TO DO: Every line from the one holding "Charmed, I'm Sure de Sarah Darer Littman" through the last line of the records must be retyped exactly, and no other line or picture may appear in the copy.

DATA FOR PROCESSING:
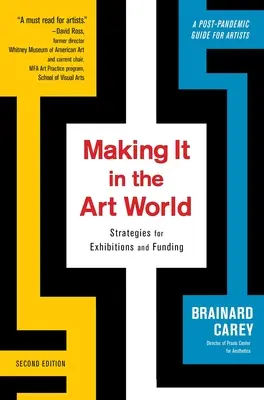 Reușita în lumea artei: Strategii pentru expoziții și finanțare - Making It in the Art World: Strategies for Exhibitions and Funding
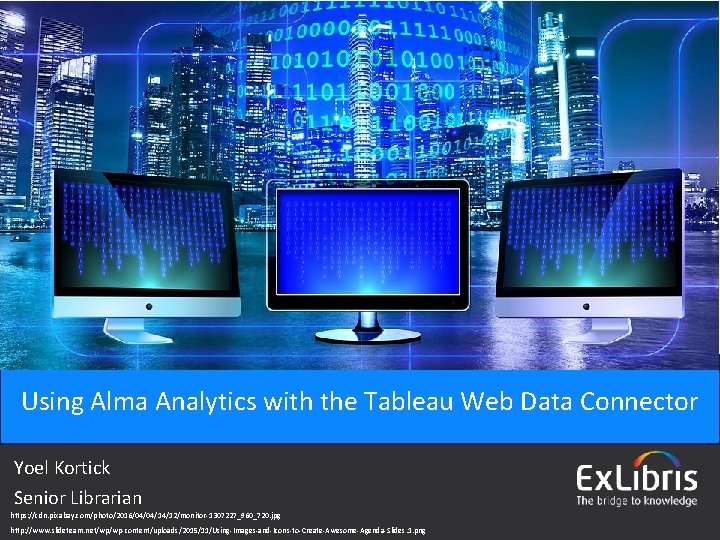Using Alma Analytics with the Tableau Web Data Connector Yoel Kortick Senior Librarian https:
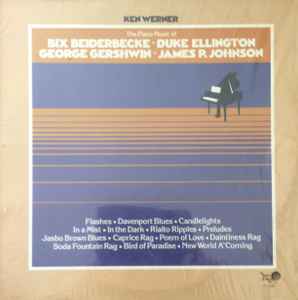 Ken Werner - The Piano Music Of Bix Beiderbecke - Duke Ellington (LP, Album)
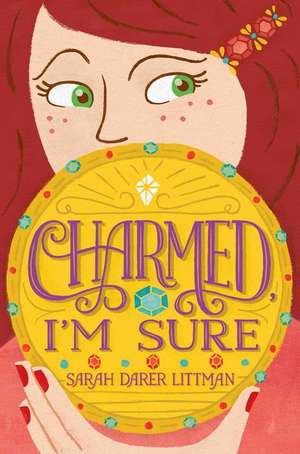 Charmed, I'm Sure de Sarah Darer Littman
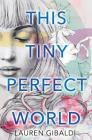 This Tiny Perfect World Cover Image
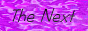 thenext.gif (20664 bytes)
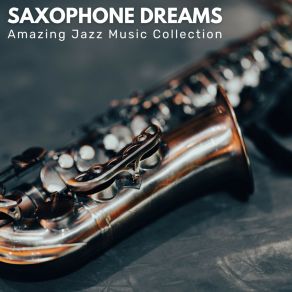 Saxophone Dreams: Jazz For Sle album cover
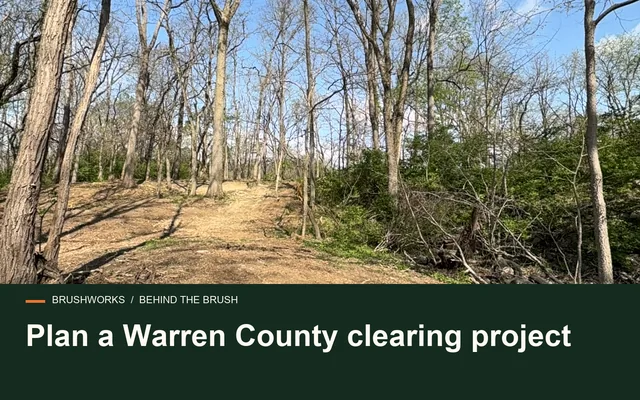 Plan a Warren County clearing project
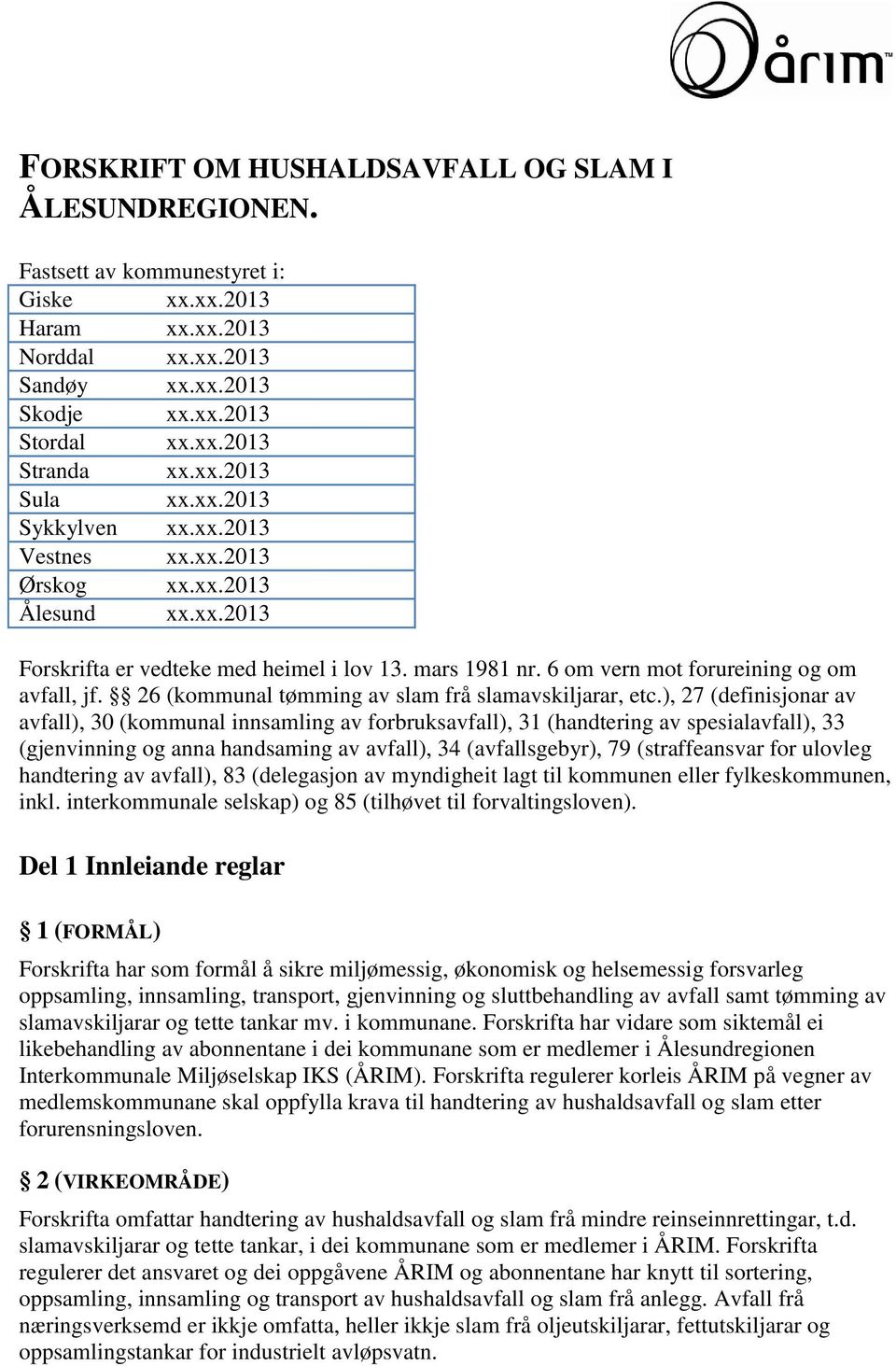 6 om vern mot forureining og om avfall, jf. 26 (kommunal tømming av slam frå slamavskiljarar, etc.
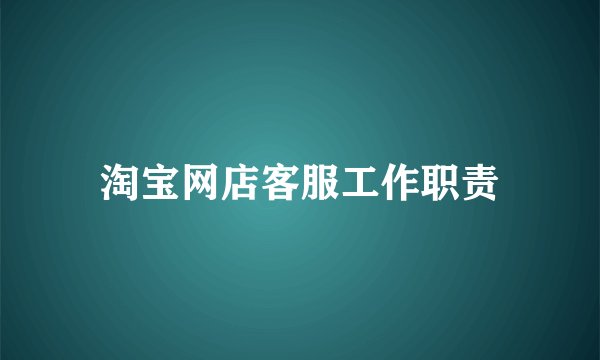 淘宝网店客服工作职责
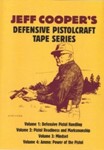 Jeff Cooper's Defensive Pistolcraft Tape Series (DVD)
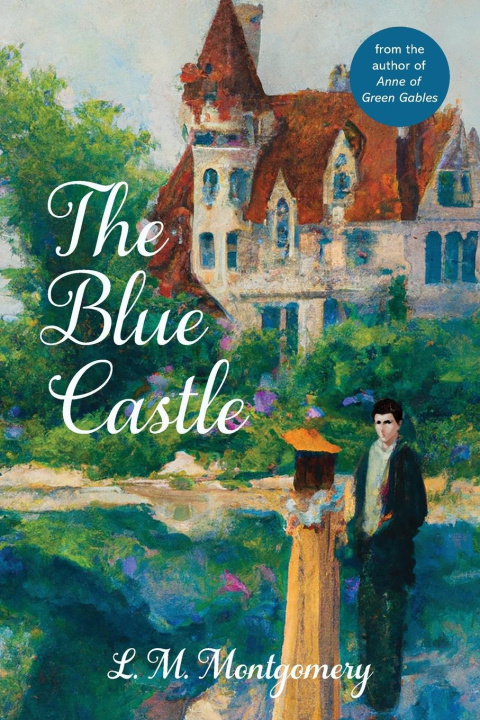 Könyv The Blue Castle (Warbler Classics Annotated Edition)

ANSWER SECTION:
 Charmed, I'm Sure de Sarah Darer Littman
 This Tiny Perfect World Cover Image
 thenext.gif (20664 bytes)
 Saxophone Dreams: Jazz For Sle album cover
 Plan a Warren County clearing project
 6 om vern mot forureining og om avfall, jf. 26 (kommunal tømming av slam frå slamavskiljarar, etc.
 淘宝网店客服工作职责
 Jeff Cooper's Defensive Pistolcraft Tape Series (DVD)
 Könyv The Blue Castle (Warbler Classics Annotated Edition)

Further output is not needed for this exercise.